Write out the entries below exactly, but only from the line containing "So you might" through the line containing "Keep in mind, at", and without the pictures.

> _Data_
============================================================

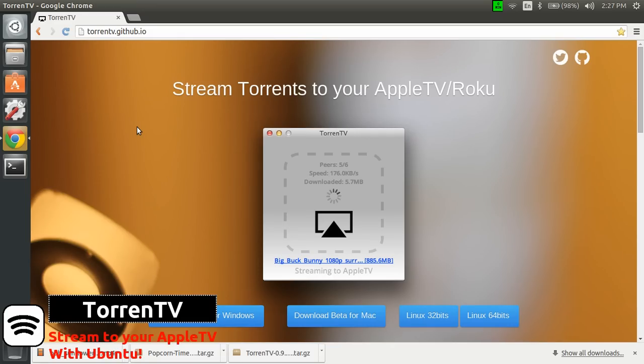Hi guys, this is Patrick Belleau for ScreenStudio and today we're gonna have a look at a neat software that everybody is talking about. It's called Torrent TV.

============================================================

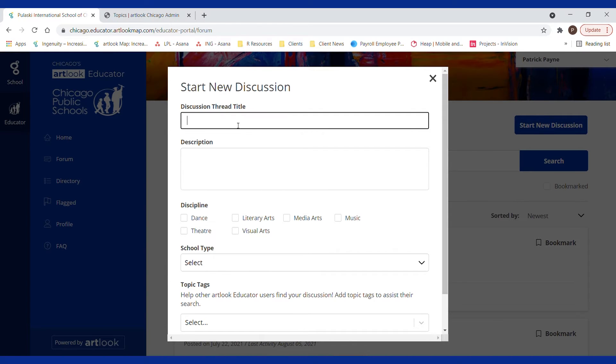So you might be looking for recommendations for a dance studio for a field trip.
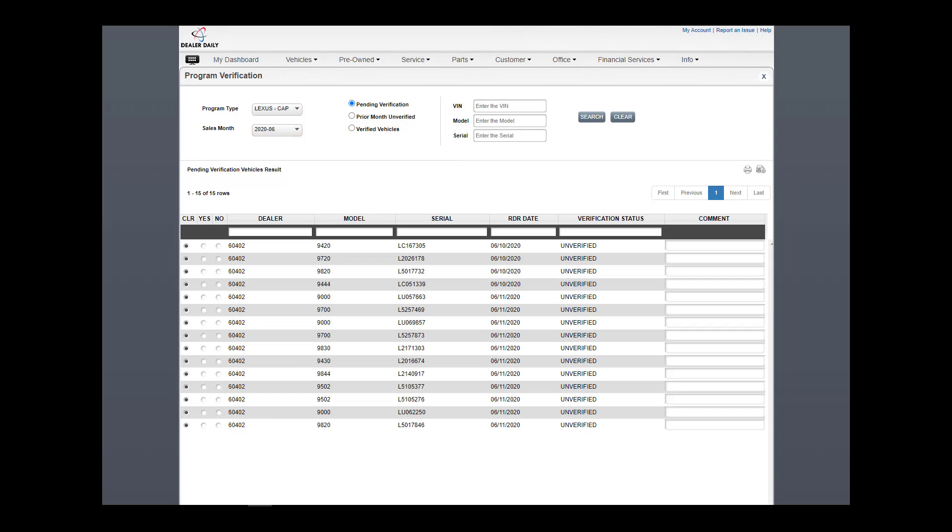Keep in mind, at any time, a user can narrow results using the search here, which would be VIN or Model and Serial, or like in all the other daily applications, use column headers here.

============================================================

> _The completed task_
So you might be looking for recommendations for a dance studio for a field trip.
Keep in mind, at any time, a user can narrow results using the search here, which would be VIN or Model and Serial, or like in all the other daily applications, use column headers here.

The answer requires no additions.